I was about to say this.


----------



## Bogg

I'm hoping it's Green and other pieces for Horford. More likely is probably Louis Williams and Elton Brand (who is ultimately routed to a third team that could use him or simply bought out) as salary ballast plus a pick or two.


----------



## Luke

Yeah, we're not giving up Horford for Jeff Green or any member of the Celtics.


----------



## ATLien

Same guy also tweeted that Demarre Carroll would have to be in the deal. I don't know, I guess Green is better than Carroll, but he's also making $9M next year and Carroll is making $2M.

http://www.basketball-reference.com...m=0&p1=carrode01&y1=2014&p2=greenje02&y2=2014


----------



## BlakeJesus

That would be very disappointing to see Horford moved for a guy like Jeff Green.


----------



## Bogg

Luke said:


> Yeah, we're not giving up Horford for Jeff Green or any member of the Celtics.


Boston has tons of picks. They _could_ get Horford, they just won't pay what it'd take. Which is why I said it's probably two expendable players and pick, or something like that.


----------



## ATLien

Wouldn't be surprised if Hawks are mentioned in more rumors. Might as well make this the trading rumors thread. Ideal trading partner with players on tradeable contracts.


----------



## E.H. Munro

Hey, if it's Grondo, a #1, and filler I'm happy.

EDIT: Honestly though, Jeff Green would be fine in Atnalta. He's a terrible primary scorer, but with Teague and Millsap taking the scoring load Green's fine as the other guy. Next year with Horford there he's probably even better as a swing forward.


----------



## BlakeJesus

ATLien said:


> Wouldn't be surprised if Hawks are mentioned in more rumors. Might as well make this the trading rumors thread. Ideal trading partner with players on tradeable contracts.


Good idea, changed the title.


----------



## BlakeJesus

Still not hearing a lot of buzz, outside of the Jeff Green rumors.

Though the injured rookie Nogueria left to go back to his Spain team, and apparently that was his decision and not the teams (even if there is no indication the team is upset with the choice).


----------



## ATLien

BlakeJesus said:


> Still not hearing a lot of buzz, outside of the Jeff Green rumors.
> 
> Though the injured rookie Nogueria left to go back to his Spain team, and apparently that was his decision and not the teams (even if there is no indication the team is upset with the choice).


There was some buzz about Teague in New York, but I think that's dying down some. I doubt we make a move, but it would be nice to see something.

Meanwhile, we are just free falling down the standings. Have lost 6 in a row.

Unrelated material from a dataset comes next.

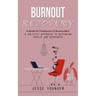 Burnout Recovery: A Guide for Freelancers to Bounce Back (A Holistic Approach to Restoring Health and Happiness)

Right now, we're only 4 games ahead of Cleveland. This continues, we could pick in the top ten.


----------



## BlakeJesus

I would not be upset if the Hawks fell to a Top 10 pick, it would probably be good for the franchise long term. The team showed potential when they had talent on the floor, I think that's a great sign in terms of the new coach.


----------



## BlakeJesus

> Acquired F Antawn Jamison from the Los Angeles Clippers for the rights to G Cenk Akyol.





> Waiverd F Antawn Jamison. Recalled F Jared Cunningham from Bakersfield of the NBA Development League.


Hawks activity at the deadline.


----------